The me-too from Horton expired of its own terms once all labor groups agreed on new contracts. Anyone looking for a me-too provision in the MOUs should ask Parker for one.
We gave up $2.2 billion for 4.8% of the Equity of the new AA, now US is going to get equity, doesnt that water down the value of our Equity stake? Will we still be entitled to that 4.8% equity stake in the whole company?
Fortunately, no. The equity claims of the three workgroups are measured against the value of the new AMR, excluding the value of any entities merged into AMR. Example: If AMR emerged on its own, and was valued at $8 billion, then your 4.8% would be worth $384 million. If AMR and US are merged when AMR exits Ch 11, and the combined entity is worth, say, $10 billion, two billion dollars of that belongs to the current LCC stockholders and the AMR creditors won't get a portion of that, so your claim would still be 4,8% of the $8 billion, not 4.8% of the $10 billion.
If that's not satisfactory, then imagine if Apple and AMR merged when AMR exits. You would not be entitled to 4.8% of the combined $500 billion entity. Most of that would still belong to the current Apple stockholders, not the AMR creditors.
$2.2 billion is roughly $110,000 per member. Lets say the new company is worth $10 billion, our stake would only be worth $480,000, or $24 per member, so in exchange of $110,000 per member in concessions we get $24.
You need a new calculator. 4.8% of $10 billion is $480 million, or $24,000 per member (if there are 20k members).
Profit Sharing vs the raise, granted I'll take the bird in the hand but why give up the ME Too? If you are justifying giving up Profit Sharing because you feel the new company will not be profitable then why would you agree to concessions? If they are not profitable you do know what that means dont you? Another BK and a demand for more concessions. We are already dead last, by a wide margin, how much further are you willing to go?
Agree about giving up all profit sharing. If the company isn't profitable, another Ch 11 awaits. In a couple of weeks, DL will hand out $372 million in profit sharing, which WT said would be more than 6% of 2012 W-2 wages, on average.
AA did claim in court that they would be making nearly $3 billion a year in profits after the restructuring, wildly optimistsic, but they were using that projection to justify the cuts, claiming that we would get back nearly everything we were giving up due to profit sharing. If the new company still wont be profitable then wouldnt it have made more sense to maximize pay and benefits until they inevitanly fail instead of throwing more good money after bad?

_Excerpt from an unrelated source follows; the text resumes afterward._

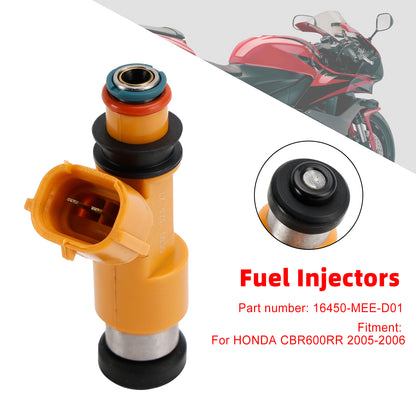 2005-2006 Honda CBR600RR Iniettori di carburante 16450-MEE-D01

No, AA did not claim it would make $3 billion in profits (for profit-sharing purposes). AA did claim that its target EBITDAR was $3 billion. There is a huge difference between an EBITDAR of $3 billion and $3 billion of pre-tax net profits on which profit-sharing is based. Delta just reported net profit of $1.6 billion and its profit-sharing is based (as AA's is) on pre-tax profits before profit-sharing and before the periodic performance bonuses (similar to the AIM awards) and before special items (those non-cash writeoffs that set you off). With DL's 15% profit-sharing formula, that results in $372 million in profit-sharing for 2012 which will be paid in two weeks. Third year in a row with big profit-sharing at DL. 2010-12 profit-sharing totals $949 million in addtion to the periodic performance bonuses.
And don't the DL mechanics make more than you? Plus they get more than 6% of their W-2 wages in profit-sharing checks?
If you're going to keep working for a bankrupt company and give concessions, it's beyond stupid to give away the 15% profit-sharing that Horton offered in the Term Sheets. Good negotiators would have raised that in the final agreements to something higher, perhaps 20%. But your union's leaders include a guy who lies about college degrees (doesn't Little have a fake diploma mill degree?) so I can see where the stupidity is.
You guys need to replace the TWU before the ink dries on the merger so that AMFA could negotiate real profit-sharing with Parker, like 20% of first-dollar profits.